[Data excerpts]
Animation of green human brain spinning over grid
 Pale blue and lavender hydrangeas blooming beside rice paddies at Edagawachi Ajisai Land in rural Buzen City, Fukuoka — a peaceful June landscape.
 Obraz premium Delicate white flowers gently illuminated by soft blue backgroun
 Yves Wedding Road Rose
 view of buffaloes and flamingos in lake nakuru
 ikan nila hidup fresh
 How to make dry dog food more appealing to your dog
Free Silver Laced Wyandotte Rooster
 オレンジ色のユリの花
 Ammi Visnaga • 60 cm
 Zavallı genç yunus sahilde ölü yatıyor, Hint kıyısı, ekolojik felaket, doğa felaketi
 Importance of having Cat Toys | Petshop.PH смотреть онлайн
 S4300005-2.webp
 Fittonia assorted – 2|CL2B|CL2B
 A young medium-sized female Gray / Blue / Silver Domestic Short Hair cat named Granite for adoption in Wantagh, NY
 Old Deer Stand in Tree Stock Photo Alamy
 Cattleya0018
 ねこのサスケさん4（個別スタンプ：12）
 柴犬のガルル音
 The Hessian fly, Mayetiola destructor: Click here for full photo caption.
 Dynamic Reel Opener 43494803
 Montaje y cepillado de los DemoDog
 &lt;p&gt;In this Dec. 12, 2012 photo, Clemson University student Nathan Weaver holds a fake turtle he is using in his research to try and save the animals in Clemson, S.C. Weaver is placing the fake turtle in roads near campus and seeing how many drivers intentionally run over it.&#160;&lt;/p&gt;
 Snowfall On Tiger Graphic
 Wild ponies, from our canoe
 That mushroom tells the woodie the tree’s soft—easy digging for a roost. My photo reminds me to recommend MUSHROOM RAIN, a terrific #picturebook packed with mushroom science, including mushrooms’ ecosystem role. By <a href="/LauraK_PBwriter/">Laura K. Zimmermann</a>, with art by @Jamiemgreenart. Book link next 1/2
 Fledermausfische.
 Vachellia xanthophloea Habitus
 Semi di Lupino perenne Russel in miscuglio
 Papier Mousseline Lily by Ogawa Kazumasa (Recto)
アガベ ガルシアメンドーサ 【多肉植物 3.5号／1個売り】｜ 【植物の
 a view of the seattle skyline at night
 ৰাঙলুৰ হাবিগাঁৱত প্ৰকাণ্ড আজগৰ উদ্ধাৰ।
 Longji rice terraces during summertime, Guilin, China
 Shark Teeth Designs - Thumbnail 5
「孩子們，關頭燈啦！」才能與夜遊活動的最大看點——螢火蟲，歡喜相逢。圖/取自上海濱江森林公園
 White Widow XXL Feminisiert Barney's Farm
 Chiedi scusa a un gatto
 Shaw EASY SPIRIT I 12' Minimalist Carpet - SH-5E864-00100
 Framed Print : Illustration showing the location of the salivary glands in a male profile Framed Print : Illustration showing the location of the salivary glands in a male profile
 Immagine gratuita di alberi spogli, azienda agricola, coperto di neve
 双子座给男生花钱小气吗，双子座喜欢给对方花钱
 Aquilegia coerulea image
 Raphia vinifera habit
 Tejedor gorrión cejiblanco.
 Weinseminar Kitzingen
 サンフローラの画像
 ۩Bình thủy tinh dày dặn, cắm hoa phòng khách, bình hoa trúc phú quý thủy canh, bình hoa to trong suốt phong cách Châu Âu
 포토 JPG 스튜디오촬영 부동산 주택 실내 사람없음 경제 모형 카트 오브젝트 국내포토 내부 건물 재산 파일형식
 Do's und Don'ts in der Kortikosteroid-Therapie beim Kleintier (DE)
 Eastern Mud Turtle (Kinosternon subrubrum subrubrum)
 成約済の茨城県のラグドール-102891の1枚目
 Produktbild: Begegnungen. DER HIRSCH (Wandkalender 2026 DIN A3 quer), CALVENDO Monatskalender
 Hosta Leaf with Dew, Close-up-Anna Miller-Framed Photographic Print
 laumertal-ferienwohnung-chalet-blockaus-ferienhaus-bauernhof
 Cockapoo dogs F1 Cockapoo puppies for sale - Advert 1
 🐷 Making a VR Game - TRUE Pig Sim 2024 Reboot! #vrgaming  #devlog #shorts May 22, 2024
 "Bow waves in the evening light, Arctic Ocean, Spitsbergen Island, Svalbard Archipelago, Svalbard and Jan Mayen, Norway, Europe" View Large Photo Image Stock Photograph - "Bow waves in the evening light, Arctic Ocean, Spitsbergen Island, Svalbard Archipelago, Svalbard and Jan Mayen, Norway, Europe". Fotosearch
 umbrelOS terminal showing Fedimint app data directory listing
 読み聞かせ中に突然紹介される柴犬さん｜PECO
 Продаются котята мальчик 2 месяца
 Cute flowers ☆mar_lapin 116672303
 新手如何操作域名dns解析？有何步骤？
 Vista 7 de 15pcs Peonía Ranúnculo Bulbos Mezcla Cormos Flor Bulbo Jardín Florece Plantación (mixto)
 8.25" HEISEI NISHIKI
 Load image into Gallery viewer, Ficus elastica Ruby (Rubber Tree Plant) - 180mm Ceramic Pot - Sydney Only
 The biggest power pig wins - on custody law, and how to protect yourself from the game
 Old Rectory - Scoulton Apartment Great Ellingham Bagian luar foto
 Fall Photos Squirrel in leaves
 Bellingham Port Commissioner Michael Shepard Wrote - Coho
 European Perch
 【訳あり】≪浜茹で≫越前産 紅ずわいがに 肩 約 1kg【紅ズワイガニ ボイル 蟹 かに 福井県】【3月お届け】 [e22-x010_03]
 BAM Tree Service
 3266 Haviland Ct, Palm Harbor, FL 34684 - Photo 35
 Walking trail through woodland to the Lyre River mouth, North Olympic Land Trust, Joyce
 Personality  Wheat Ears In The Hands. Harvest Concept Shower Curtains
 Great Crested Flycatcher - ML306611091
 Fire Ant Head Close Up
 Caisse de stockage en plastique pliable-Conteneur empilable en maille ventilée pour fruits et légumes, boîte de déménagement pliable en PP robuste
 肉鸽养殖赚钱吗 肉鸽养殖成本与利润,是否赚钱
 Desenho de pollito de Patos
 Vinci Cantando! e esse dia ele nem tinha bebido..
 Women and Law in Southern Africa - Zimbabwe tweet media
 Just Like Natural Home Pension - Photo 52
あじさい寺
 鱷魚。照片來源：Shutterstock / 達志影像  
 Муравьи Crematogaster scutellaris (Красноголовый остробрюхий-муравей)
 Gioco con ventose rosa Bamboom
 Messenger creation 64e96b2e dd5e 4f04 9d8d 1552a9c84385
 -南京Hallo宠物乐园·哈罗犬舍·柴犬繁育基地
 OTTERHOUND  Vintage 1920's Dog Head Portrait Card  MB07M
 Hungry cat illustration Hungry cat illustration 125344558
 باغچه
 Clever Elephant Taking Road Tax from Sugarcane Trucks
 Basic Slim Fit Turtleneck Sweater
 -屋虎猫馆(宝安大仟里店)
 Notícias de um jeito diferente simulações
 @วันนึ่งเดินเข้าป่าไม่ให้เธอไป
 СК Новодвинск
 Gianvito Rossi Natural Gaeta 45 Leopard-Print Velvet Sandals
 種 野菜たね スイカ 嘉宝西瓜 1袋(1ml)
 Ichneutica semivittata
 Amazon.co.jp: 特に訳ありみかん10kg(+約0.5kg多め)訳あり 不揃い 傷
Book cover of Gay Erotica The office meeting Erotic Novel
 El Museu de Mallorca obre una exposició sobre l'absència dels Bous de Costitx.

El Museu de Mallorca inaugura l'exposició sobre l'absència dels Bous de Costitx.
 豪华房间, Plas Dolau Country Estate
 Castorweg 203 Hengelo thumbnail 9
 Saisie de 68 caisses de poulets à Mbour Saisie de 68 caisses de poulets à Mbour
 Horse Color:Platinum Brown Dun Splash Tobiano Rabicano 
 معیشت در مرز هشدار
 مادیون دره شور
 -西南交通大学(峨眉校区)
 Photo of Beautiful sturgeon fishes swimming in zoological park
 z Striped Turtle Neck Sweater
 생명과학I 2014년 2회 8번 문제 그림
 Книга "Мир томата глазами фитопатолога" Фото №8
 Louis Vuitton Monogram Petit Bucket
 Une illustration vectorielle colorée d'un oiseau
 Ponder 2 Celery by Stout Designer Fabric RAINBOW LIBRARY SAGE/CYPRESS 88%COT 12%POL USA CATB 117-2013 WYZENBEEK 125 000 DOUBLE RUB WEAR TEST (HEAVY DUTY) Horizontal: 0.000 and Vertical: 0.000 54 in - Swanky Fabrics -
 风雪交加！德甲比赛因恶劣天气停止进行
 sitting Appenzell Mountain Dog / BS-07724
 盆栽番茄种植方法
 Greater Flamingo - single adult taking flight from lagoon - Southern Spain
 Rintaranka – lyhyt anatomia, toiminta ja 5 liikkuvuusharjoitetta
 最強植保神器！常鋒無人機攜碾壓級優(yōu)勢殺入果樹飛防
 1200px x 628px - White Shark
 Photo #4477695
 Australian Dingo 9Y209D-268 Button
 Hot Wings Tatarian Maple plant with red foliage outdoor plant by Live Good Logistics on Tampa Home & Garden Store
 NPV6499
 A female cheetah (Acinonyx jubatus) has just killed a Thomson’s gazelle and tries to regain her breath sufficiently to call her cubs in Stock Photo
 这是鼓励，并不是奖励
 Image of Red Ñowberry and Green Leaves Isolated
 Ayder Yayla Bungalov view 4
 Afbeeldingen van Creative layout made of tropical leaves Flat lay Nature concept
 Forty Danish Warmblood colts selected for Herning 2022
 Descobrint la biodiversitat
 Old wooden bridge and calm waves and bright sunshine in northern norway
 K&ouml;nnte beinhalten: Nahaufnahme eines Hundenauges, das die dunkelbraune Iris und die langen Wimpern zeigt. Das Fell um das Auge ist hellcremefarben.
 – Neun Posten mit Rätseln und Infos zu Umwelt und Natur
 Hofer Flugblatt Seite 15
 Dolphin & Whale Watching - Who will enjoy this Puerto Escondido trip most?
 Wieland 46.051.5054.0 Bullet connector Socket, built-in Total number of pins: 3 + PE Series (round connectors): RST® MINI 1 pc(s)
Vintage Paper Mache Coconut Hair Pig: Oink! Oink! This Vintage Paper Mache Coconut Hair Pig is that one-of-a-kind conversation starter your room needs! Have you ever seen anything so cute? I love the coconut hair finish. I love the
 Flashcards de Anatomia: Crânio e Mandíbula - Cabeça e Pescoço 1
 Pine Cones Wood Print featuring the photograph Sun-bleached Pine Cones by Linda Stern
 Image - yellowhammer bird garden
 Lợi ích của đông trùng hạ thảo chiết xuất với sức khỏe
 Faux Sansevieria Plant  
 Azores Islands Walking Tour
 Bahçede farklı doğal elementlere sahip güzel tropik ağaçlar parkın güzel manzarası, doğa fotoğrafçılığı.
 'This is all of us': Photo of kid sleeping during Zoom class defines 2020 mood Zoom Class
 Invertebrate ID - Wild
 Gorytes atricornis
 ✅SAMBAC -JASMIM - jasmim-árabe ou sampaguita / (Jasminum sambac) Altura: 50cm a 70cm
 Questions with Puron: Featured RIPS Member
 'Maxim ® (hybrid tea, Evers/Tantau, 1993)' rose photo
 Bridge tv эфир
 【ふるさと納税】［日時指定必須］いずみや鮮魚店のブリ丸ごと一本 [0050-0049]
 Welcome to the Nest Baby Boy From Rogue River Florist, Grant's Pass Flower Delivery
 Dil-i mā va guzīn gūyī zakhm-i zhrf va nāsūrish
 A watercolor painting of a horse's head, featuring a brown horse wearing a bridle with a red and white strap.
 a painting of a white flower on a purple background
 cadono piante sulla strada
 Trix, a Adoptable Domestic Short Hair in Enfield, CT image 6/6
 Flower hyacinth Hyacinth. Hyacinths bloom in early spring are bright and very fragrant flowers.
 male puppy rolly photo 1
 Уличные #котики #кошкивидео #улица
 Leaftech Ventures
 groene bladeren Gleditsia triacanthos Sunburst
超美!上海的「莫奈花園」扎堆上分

YOUR OBJECTIVE>
Reproduce verbatim the lines above, from the line with "アガベ ガルシアメンドーサ 【多肉植物 3.5号／1個売り】｜ 【植物の" through the line with "Chiedi scusa a un gatto".

EXERCISE SOLUTION>
アガベ ガルシアメンドーサ 【多肉植物 3.5号／1個売り】｜ 【植物の
 a view of the seattle skyline at night
 ৰাঙলুৰ হাবিগাঁৱত প্ৰকাণ্ড আজগৰ উদ্ধাৰ।
 Longji rice terraces during summertime, Guilin, China
 Shark Teeth Designs - Thumbnail 5
「孩子們，關頭燈啦！」才能與夜遊活動的最大看點——螢火蟲，歡喜相逢。圖/取自上海濱江森林公園
 White Widow XXL Feminisiert Barney's Farm
 Chiedi scusa a un gatto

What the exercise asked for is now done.